[Web page caption snippets]
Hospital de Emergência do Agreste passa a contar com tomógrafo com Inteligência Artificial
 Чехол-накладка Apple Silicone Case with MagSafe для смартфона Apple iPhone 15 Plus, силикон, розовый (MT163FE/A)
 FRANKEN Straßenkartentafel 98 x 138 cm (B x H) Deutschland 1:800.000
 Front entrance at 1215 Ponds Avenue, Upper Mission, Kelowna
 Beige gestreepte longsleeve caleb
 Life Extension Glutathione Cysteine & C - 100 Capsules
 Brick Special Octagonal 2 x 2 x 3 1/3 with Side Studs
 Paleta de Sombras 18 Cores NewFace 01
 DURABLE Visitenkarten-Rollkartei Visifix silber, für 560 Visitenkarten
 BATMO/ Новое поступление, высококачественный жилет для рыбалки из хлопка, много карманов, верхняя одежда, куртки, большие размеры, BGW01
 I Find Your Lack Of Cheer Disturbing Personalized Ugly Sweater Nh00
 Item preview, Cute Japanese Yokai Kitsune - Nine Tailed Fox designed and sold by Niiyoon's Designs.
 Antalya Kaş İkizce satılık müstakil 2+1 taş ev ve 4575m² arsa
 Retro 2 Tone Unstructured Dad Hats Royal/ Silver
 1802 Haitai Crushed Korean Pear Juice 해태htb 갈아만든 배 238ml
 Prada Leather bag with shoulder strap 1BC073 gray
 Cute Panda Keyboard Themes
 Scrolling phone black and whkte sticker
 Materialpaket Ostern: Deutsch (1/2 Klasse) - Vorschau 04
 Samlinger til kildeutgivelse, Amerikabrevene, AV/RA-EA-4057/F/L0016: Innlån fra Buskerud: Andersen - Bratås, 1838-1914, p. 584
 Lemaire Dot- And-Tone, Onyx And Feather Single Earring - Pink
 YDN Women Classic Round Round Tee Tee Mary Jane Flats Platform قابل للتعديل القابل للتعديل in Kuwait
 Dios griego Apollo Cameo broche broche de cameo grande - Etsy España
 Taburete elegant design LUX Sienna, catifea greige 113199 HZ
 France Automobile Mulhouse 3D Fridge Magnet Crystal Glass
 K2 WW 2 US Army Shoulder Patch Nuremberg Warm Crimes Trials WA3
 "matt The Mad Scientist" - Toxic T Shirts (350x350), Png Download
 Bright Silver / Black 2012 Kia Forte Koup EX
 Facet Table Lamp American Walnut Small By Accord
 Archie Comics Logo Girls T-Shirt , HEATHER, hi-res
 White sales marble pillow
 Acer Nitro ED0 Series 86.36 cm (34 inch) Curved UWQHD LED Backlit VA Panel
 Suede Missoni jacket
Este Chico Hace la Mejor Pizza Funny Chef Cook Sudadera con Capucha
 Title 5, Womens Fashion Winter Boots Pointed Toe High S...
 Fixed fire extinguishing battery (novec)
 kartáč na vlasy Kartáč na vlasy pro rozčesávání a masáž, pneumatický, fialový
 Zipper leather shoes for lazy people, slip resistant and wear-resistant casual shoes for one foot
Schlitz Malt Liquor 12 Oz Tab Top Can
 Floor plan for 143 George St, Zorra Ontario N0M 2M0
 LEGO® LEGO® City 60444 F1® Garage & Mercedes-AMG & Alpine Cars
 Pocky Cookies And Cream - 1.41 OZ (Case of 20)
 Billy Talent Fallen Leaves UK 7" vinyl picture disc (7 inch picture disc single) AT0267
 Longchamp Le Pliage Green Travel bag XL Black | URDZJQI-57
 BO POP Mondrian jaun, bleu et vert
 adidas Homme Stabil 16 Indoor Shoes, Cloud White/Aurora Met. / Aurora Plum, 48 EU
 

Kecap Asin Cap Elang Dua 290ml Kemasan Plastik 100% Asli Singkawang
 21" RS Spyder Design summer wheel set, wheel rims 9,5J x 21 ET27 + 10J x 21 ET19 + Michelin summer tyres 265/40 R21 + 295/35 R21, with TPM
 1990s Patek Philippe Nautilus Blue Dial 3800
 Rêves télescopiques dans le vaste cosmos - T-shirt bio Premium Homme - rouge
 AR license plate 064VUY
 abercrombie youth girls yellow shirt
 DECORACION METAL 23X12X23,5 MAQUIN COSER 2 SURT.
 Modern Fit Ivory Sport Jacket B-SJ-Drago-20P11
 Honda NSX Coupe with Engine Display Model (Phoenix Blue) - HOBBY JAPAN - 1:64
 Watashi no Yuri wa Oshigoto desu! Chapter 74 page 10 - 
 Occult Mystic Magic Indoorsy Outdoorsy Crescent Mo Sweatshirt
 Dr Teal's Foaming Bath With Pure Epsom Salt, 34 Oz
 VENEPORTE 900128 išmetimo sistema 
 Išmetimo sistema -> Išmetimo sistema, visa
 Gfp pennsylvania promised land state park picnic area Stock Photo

# What to do
Repeat every line of the data precisely.

# Output of the task
Hospital de Emergência do Agreste passa a contar com tomógrafo com Inteligência Artificial
 Чехол-накладка Apple Silicone Case with MagSafe для смартфона Apple iPhone 15 Plus, силикон, розовый (MT163FE/A)
 FRANKEN Straßenkartentafel 98 x 138 cm (B x H) Deutschland 1:800.000
 Front entrance at 1215 Ponds Avenue, Upper Mission, Kelowna
 Beige gestreepte longsleeve caleb
 Life Extension Glutathione Cysteine & C - 100 Capsules
 Brick Special Octagonal 2 x 2 x 3 1/3 with Side Studs
 Paleta de Sombras 18 Cores NewFace 01
 DURABLE Visitenkarten-Rollkartei Visifix silber, für 560 Visitenkarten
 BATMO/ Новое поступление, высококачественный жилет для рыбалки из хлопка, много карманов, верхняя одежда, куртки, большие размеры, BGW01
 I Find Your Lack Of Cheer Disturbing Personalized Ugly Sweater Nh00
 Item preview, Cute Japanese Yokai Kitsune - Nine Tailed Fox designed and sold by Niiyoon's Designs.
 Antalya Kaş İkizce satılık müstakil 2+1 taş ev ve 4575m² arsa
 Retro 2 Tone Unstructured Dad Hats Royal/ Silver
 1802 Haitai Crushed Korean Pear Juice 해태htb 갈아만든 배 238ml
 Prada Leather bag with shoulder strap 1BC073 gray
 Cute Panda Keyboard Themes
 Scrolling phone black and whkte sticker
 Materialpaket Ostern: Deutsch (1/2 Klasse) - Vorschau 04
 Samlinger til kildeutgivelse, Amerikabrevene, AV/RA-EA-4057/F/L0016: Innlån fra Buskerud: Andersen - Bratås, 1838-1914, p. 584
 Lemaire Dot- And-Tone, Onyx And Feather Single Earring - Pink
 YDN Women Classic Round Round Tee Tee Mary Jane Flats Platform قابل للتعديل القابل للتعديل in Kuwait
 Dios griego Apollo Cameo broche broche de cameo grande - Etsy España
 Taburete elegant design LUX Sienna, catifea greige 113199 HZ
 France Automobile Mulhouse 3D Fridge Magnet Crystal Glass
 K2 WW 2 US Army Shoulder Patch Nuremberg Warm Crimes Trials WA3
 "matt The Mad Scientist" - Toxic T Shirts (350x350), Png Download
 Bright Silver / Black 2012 Kia Forte Koup EX
 Facet Table Lamp American Walnut Small By Accord
 Archie Comics Logo Girls T-Shirt , HEATHER, hi-res
 White sales marble pillow
 Acer Nitro ED0 Series 86.36 cm (34 inch) Curved UWQHD LED Backlit VA Panel
 Suede Missoni jacket
Este Chico Hace la Mejor Pizza Funny Chef Cook Sudadera con Capucha
 Title 5, Womens Fashion Winter Boots Pointed Toe High S...
 Fixed fire extinguishing battery (novec)
 kartáč na vlasy Kartáč na vlasy pro rozčesávání a masáž, pneumatický, fialový
 Zipper leather shoes for lazy people, slip resistant and wear-resistant casual shoes for one foot
Schlitz Malt Liquor 12 Oz Tab Top Can
 Floor plan for 143 George St, Zorra Ontario N0M 2M0
 LEGO® LEGO® City 60444 F1® Garage & Mercedes-AMG & Alpine Cars
 Pocky Cookies And Cream - 1.41 OZ (Case of 20)
 Billy Talent Fallen Leaves UK 7" vinyl picture disc (7 inch picture disc single) AT0267
 Longchamp Le Pliage Green Travel bag XL Black | URDZJQI-57
 BO POP Mondrian jaun, bleu et vert
 adidas Homme Stabil 16 Indoor Shoes, Cloud White/Aurora Met. / Aurora Plum, 48 EU
 

Kecap Asin Cap Elang Dua 290ml Kemasan Plastik 100% Asli Singkawang
 21" RS Spyder Design summer wheel set, wheel rims 9,5J x 21 ET27 + 10J x 21 ET19 + Michelin summer tyres 265/40 R21 + 295/35 R21, with TPM
 1990s Patek Philippe Nautilus Blue Dial 3800
 Rêves télescopiques dans le vaste cosmos - T-shirt bio Premium Homme - rouge
 AR license plate 064VUY
 abercrombie youth girls yellow shirt
 DECORACION METAL 23X12X23,5 MAQUIN COSER 2 SURT.
 Modern Fit Ivory Sport Jacket B-SJ-Drago-20P11
 Honda NSX Coupe with Engine Display Model (Phoenix Blue) - HOBBY JAPAN - 1:64
 Watashi no Yuri wa Oshigoto desu! Chapter 74 page 10 - 
 Occult Mystic Magic Indoorsy Outdoorsy Crescent Mo Sweatshirt
 Dr Teal's Foaming Bath With Pure Epsom Salt, 34 Oz
 VENEPORTE 900128 išmetimo sistema 
 Išmetimo sistema -> Išmetimo sistema, visa
 Gfp pennsylvania promised land state park picnic area Stock Photo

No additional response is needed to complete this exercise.